Offense arrives just in time to pick up effective Jose Quintana and complete second consecutive sweep

John E. Sokolowski-USA TODAY Sports

Jose Quintana might've figured out how to pick up road victories this season: Hold the opponent scoreless through six, then wait for the offense to explode.

That template worked tonight, at least. Quintana powered through some jams and worse-than-usual control to strike out 10 Blue Jays over six shutout innings, and then watched his teammates continue their seventh-inning success. Dioner Navarro provided the big blow with a two-out, two-run triple -- his first since 2012 -- and the Sox went on to complete their second consecutive sweep.

The Sox benefited from some luck, hustle, and questionable management by John Gibbons, who left in Marco Estrada despite control that was going in the opposite direction of his pitch count.

Todd Frazier greeted Estrada with a single, but was forced out at second on Melky Cabrera's grounder to short. It looked like a 6-4-3 off the bat, but Cabrera beat it out by a partial step to keep traffic on the basepaths. Brett Lawrie moved him to scoring position with a walk, but Avisail Garcia struck out to jeopardize the threat.

Up came Navarro, with Estrada still on the mound with a pitch count of 115. Gibbons tried to get one more out on him, and he came up one strike short. On an 0-2 count, Estrada went to the changeup that worked well for him all night. But it had the center of the plate, and while it was low, Navarro got down and golfed it to the right-center gap, where it bounced off the very top of the wall to stay in play.
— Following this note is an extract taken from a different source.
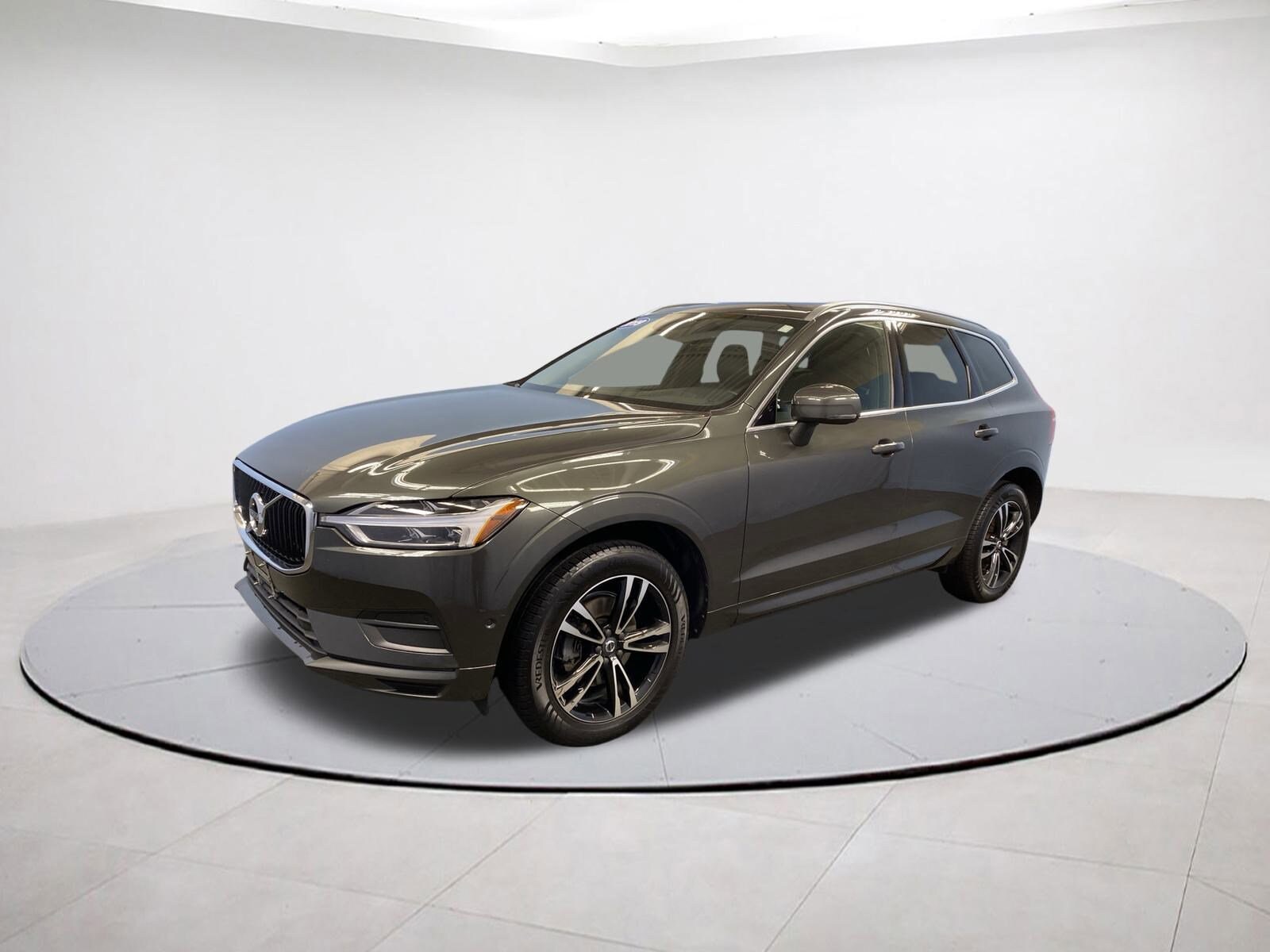 2019 Volvo XC60 Momentum photo 3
That bounce was fortuitous. Had it been a ground-rule double, only one run would've scored. Instead, it caromed back into play and over the head of the outfielders on the rebound, allowing Navarro to reach third for a stand-up, two-run triple. Finally, Gibbons pulled Estrada.

Then again, maybe none of the breaks the Sox received would've mattered, as Austin Jackson welcomed Jesse Chavez with an RBI triple to right center to make it a 3-0 game. (The consecutive triples were a first for the White Sox since ... last July. But they hadn't done it since 1954 before that.)
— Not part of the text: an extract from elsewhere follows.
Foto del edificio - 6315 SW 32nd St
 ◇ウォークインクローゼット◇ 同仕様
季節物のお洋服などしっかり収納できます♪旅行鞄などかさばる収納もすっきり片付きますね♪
Quintana, whose pitch count was 104 through six innings, didn't have to come out for a seventh to get a decision. Instead, he let the bullpen carry him across the finish line. A Garcia RBI single in the eighth tacked on a run for good measure.

Through six innings, it was a tense pitchers' duel, although one aided by a generous strike zone by home plate umpire John Tumpane.

Quintana only pitched one clean inning out of his six, and stranded a runner in scoring position in four of those innings. He needed his fastball to power his way out of it:

  • Second inning: Struck out Russell Martin and Kevin Pillar with a runner on second.
  • Third inning: Struck out Jose Bautista and Edwin Encarnacion with runners on first and second.
  • Fifth inning: Struck out Bautista with runners on first and second.

And just when it looked like he might have some gas left to start the seventh, he walked Matt Dominguez after getting ahead 0-2, then got locked into another full count with Martin. This time, Quintana blew a 91-mph fastball by him for his 10th and final strikeout.

On Toronto's side, Estrada matched Quintana through six innings, albeit with less dynamite. The Sox didn't have a great opportunity until the sixth, when Estrada foreshadowed his decreasing effectiveness by issuing back-to-back walks with one out. Jimmy Rollins struck out, though, and Jose Abreu flied out to end the threat. But Estrada gave the Sox another opportunity in the seventh, and they didn't let a second one pass them by.

Bullet points:

*The Sox have now outscored opponents 23-4 in the seventh inning.

*Adam Eaton made a nice leaping catch on the warning track to boost those league-leading defensive metrics.

*Gibbons was ejected by Tumpane after Estrada's fateful pitch, although it was the culmination of a game's worth of jawing from both dugouts.

*Zach Duke, Nate Jones and David Robertson each pitched a scoreless inning for the team's fifth shutout of the season.